What is needed -
Each entry below should be given again exactly; the pictures stay out.

[Scraped caption text data]
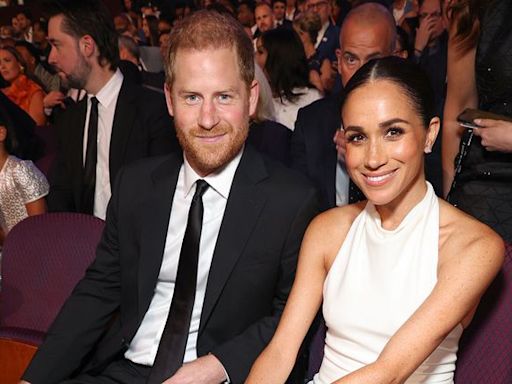 Meghan Markle Joins Prince Harry at the 2024 ESPYs as Friend Serena Williams Calls Them 'Actual Royalty'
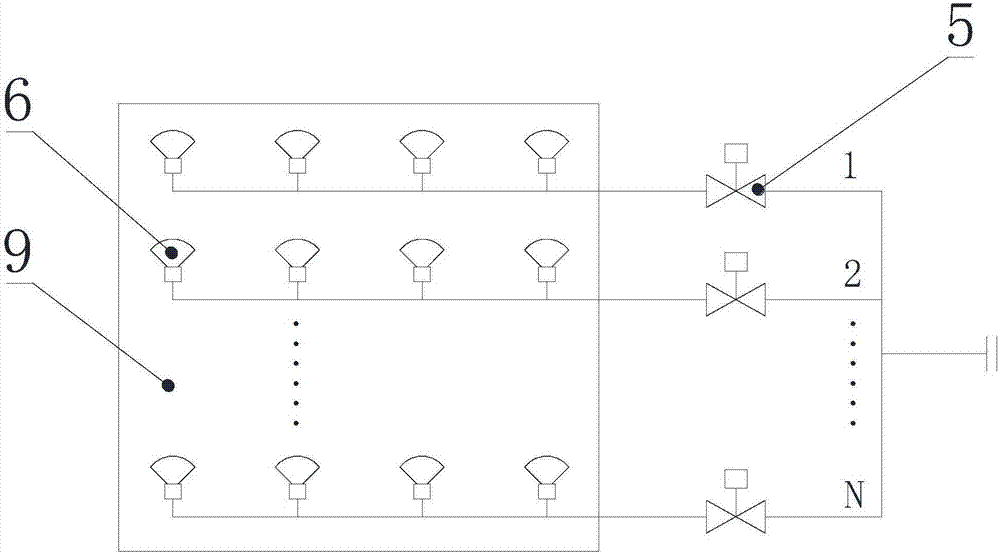 一種空調(diào)室外機(jī)磁化霧化噴淋節(jié)能系統(tǒng)的制造方法與工藝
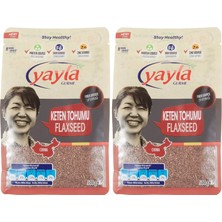 Vera Concept Store Gurme Keten Tohumu, 500 gr Tekli Paket 2li Paket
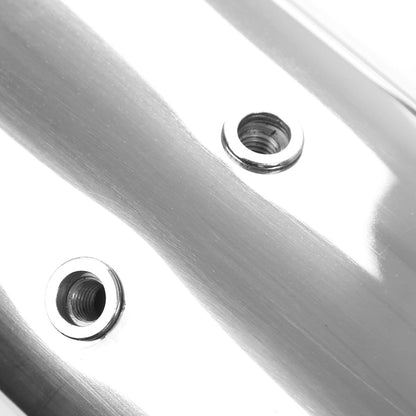 2021-2022 Chevrolet Tahoe/GMC Yukon Chrome 4" Oval Side Step Nerf Bars Running Boards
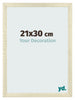 Photo Frame 21x30cm Sonoma Oak MDF Pisa Front Size | Yourdecoration.com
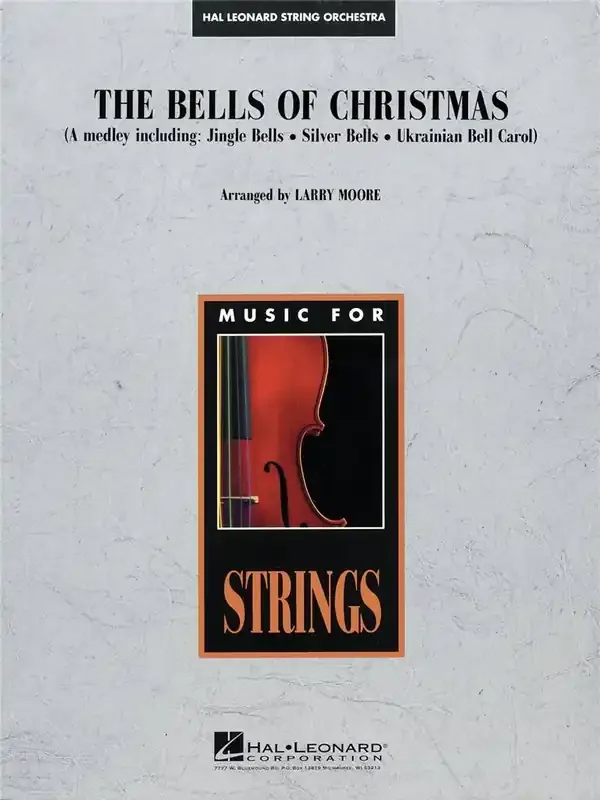 The Bells of Christmas (Arr. Larry Moore) Streichorchester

Problem solution -
 Meghan Markle Joins Prince Harry at the 2024 ESPYs as Friend Serena Williams Calls Them 'Actual Royalty'
 一種空調(diào)室外機(jī)磁化霧化噴淋節(jié)能系統(tǒng)的制造方法與工藝
 Vera Concept Store Gurme Keten Tohumu, 500 gr Tekli Paket 2li Paket
 2021-2022 Chevrolet Tahoe/GMC Yukon Chrome 4" Oval Side Step Nerf Bars Running Boards
 Photo Frame 21x30cm Sonoma Oak MDF Pisa Front Size | Yourdecoration.com
 The Bells of Christmas (Arr. Larry Moore) Streichorchester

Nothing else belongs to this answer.